MAREA: Pilgrimage & Churches
Although the mainstay of the economy of Mareotis was production of high-value goods, mainly foodstuffs, destined for Alexandria or beyond, it developed in late antiquity an active traffic in the reverse direction for pilgrimage to the shrine of St. Menas in the desert south of the lake. The pilgrims came from Alexandria’s Mareotic harbor or, from other parts of Egypt, via one of the canals linking the Nile to the lake, and traveled by water to the port in the middle of the western extension of the lake, traditionally called Marea but perhaps to be identified as Philoxenite. From there they had 17 km of land travel to reach the martyr’s shrine with its accompanying basilica, martyr church, baptistery, and extensive facilities for accommodating pilgrims.
The port of Philoxenite/Marea itself has extensive facilities apparently related to this flow of pilgrims, and there are additional facilities not far south of the port. The distance from the port to the shrine could be covered in a single day’s travel on foot, but ancient sources record the construction of watering places along the road.

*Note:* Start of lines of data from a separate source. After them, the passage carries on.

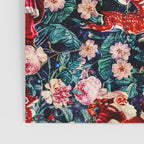 Santa Claus and Floral Pattern Poster Gallery Image 3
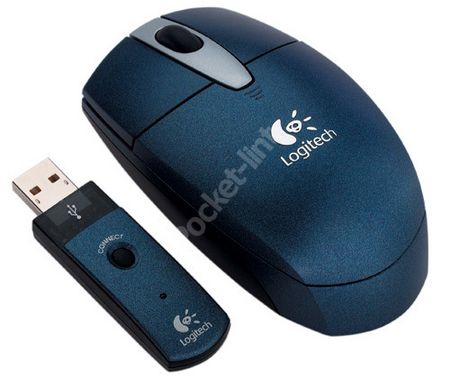 logitech cordless optical mouse for notebooks image 1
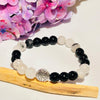 Rutile Quartz & Black Onyx Crystal Bracelet Faceted Crystal Bracelet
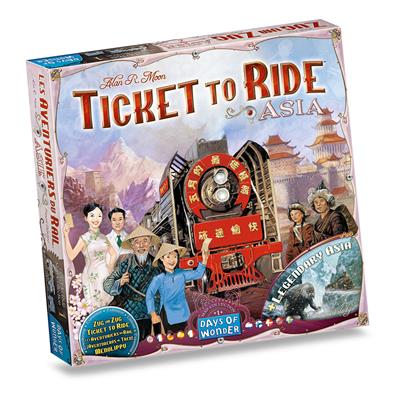 (BSG Certified USED) Ticket to Ride - Asia: Map Collection #1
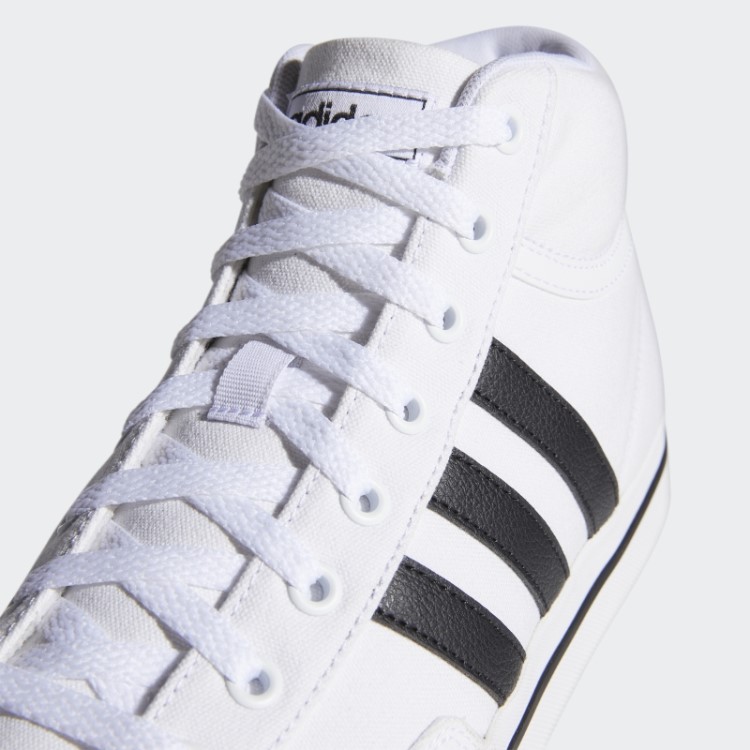 Tênis Branco Adidas Retrovulc Canvas Mid Canvas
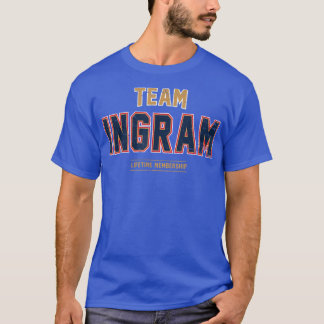 Camiseta Doloroso Equipo Ingram Orgulloso apellido N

The monasteries on the north side of the lake, along the Tainia ridge, undoubtedly also attracted their share of pilgrimage traffic. Enaton, at the ninth mile from Alexandria, was the most famous, but those at the fifth and eighteenth mile, as well as one at Taposiris Magna, probably also brought visitors into the region, either by road west from Alexandria or by lake transport to the port of Taposiris.
The larger eastern part of the lake also had a part to play in pilgrimage to monasteries, for the important monastic area of Nitria lay near its southern end, requiring a journey of a day and a half by water from Alexandria.